### WORK REQUEST:
The entries that follow include a run beginning at the line with "Nursery Book Shelves" and ending at the line with "ROLLING STONES /"; restate that run word for word and leave the rest out.

### RECORDS TO PROCESS:
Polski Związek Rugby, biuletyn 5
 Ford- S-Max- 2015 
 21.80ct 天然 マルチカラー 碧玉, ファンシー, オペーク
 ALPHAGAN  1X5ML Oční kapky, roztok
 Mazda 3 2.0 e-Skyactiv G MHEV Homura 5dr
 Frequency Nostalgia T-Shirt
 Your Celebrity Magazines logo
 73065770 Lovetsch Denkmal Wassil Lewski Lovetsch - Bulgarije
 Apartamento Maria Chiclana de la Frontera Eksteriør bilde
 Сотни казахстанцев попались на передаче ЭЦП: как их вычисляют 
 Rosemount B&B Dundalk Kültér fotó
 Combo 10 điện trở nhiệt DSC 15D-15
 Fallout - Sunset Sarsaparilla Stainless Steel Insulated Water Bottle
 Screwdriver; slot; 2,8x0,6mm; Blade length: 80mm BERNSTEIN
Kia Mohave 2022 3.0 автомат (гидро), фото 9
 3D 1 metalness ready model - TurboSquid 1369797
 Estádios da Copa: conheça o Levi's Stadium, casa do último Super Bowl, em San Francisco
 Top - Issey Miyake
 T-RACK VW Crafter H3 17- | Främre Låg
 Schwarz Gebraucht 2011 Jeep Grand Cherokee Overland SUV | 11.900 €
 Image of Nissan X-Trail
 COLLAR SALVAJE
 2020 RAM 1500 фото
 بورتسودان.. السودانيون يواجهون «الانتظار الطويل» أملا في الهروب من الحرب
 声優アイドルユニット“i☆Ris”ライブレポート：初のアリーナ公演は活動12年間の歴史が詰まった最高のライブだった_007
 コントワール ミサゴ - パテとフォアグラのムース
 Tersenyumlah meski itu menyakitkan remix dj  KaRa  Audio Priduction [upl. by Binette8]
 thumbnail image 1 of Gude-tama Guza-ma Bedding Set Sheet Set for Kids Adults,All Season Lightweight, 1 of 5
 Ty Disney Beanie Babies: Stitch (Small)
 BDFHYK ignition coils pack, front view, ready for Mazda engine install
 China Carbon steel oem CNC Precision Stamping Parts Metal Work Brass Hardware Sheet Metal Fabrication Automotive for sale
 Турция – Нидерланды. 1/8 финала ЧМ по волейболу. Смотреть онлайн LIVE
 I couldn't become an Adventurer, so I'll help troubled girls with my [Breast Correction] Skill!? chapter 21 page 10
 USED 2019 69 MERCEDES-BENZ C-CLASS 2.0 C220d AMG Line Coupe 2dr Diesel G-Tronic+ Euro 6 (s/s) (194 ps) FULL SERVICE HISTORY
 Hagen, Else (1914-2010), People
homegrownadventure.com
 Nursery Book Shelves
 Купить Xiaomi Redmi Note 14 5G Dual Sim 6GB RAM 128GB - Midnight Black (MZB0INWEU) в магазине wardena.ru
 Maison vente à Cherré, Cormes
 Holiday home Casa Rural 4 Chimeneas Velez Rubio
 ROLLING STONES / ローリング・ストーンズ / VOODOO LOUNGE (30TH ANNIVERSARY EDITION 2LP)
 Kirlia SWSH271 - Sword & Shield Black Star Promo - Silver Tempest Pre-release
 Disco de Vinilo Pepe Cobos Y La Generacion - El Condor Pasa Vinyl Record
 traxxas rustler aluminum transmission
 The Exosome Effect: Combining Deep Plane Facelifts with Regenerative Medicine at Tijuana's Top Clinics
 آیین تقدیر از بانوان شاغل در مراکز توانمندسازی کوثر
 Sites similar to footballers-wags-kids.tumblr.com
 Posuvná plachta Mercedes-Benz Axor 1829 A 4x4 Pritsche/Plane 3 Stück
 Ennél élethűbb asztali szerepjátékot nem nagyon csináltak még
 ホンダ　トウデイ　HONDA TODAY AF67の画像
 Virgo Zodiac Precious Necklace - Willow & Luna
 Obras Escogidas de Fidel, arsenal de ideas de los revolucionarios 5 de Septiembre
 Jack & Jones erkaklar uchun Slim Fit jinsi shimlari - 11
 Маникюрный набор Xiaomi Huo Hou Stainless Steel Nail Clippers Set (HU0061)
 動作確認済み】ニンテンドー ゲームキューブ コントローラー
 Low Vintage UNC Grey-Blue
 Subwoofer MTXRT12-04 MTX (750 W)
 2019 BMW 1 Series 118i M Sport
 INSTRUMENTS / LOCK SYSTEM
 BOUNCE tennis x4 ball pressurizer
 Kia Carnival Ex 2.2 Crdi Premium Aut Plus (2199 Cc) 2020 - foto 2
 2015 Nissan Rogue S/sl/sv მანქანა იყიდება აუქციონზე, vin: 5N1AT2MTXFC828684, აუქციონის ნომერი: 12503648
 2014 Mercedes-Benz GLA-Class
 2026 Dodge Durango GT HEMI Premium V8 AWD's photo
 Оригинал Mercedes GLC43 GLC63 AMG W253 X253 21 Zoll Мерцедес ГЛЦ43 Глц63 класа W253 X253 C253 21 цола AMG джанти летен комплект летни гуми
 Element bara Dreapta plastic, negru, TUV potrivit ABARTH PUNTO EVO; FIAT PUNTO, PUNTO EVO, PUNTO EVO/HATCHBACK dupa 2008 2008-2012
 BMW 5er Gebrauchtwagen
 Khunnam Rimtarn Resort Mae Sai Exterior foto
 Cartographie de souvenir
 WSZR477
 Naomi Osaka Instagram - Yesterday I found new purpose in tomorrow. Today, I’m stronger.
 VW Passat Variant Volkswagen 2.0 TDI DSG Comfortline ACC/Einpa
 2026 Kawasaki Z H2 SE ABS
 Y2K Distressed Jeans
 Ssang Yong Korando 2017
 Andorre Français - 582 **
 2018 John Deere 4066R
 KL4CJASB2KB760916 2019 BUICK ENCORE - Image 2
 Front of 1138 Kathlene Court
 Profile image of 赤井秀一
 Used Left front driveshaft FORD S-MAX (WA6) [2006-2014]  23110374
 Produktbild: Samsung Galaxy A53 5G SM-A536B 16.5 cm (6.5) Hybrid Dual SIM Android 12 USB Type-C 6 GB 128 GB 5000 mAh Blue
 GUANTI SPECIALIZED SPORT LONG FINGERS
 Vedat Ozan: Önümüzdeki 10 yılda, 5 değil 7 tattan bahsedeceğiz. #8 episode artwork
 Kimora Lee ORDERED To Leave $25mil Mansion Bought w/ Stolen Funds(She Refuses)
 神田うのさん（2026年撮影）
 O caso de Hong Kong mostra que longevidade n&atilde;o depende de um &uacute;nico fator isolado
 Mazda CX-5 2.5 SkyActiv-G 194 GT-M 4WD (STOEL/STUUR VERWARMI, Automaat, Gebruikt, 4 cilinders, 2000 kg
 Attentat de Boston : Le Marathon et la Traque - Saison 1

### RESPONSE:
 Nursery Book Shelves
 Купить Xiaomi Redmi Note 14 5G Dual Sim 6GB RAM 128GB - Midnight Black (MZB0INWEU) в магазине wardena.ru
 Maison vente à Cherré, Cormes
 Holiday home Casa Rural 4 Chimeneas Velez Rubio
 ROLLING STONES / ローリング・ストーンズ / VOODOO LOUNGE (30TH ANNIVERSARY EDITION 2LP)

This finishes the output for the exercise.